Friday, October 04, 2013

Never complain about your stove again

Geologist have it pretty easy, in terms of lab safety.  Compared to chemists and biologists, we have to deal with a relatively low number of lethal chemicals, and our habits confirm this.  It is not coincidence the people call us rock-lickers.  But there are still some reagents which are genuinely dangerous, and command respect.

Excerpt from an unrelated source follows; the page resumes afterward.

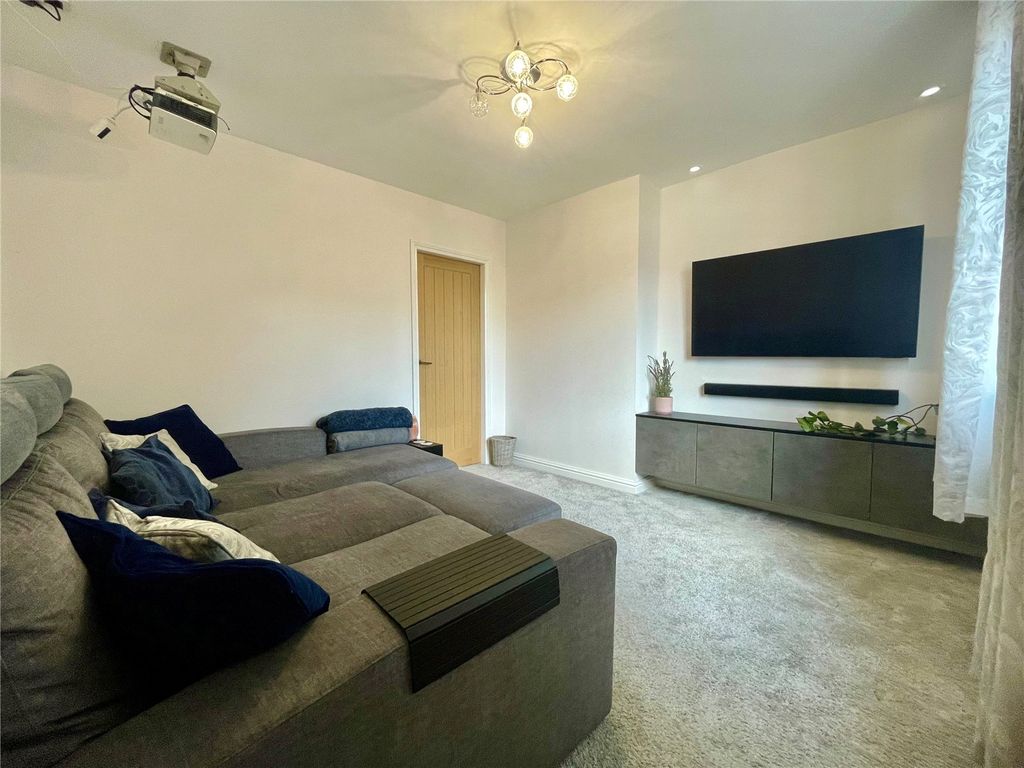 Property photo 3 of 17 Lounge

For most rock knockers, the chief among these is hydrofluoric acid, or HF.  HF is a volatile (evaporates easily) acid which is notorious for being a contact poison.  You don’t have to drink it for you to kill you, as it will diffuse through skin, and attack muscle tissue and bone inside your body.  If the muscle it attacks is your heart, then you die.  As a result, geologists are taught from a young age to observe strict safety protocols with HF: gloves, face shields, aprons, appropriate supervision and fume cupboards are all part of the drill.

But not all fluorine health effects are as dramatic.  excess fluorine consumption can often cause dental fluorinosis, a condition in which excess fluorine is deposited in the teeth, discoloring them.  In more severe cases, fluorine deposition in the bones can lead to osteofluorosis, which can cause disfigurement, deformity, and chronic pain.

One area in which osteofluorosis is distressingly common is Guizhou, China.  Over the past decade, this disease here was linked to the combustion of high Fluorine coal.  Studies showed tha the clay that was intermixed wit hthe coal was high in F, and a steady stream of recommendations has come along describing how this must be getting aerosolized in smoke ,and adhering to food, particularly corn and chilies hung up in houses to dry.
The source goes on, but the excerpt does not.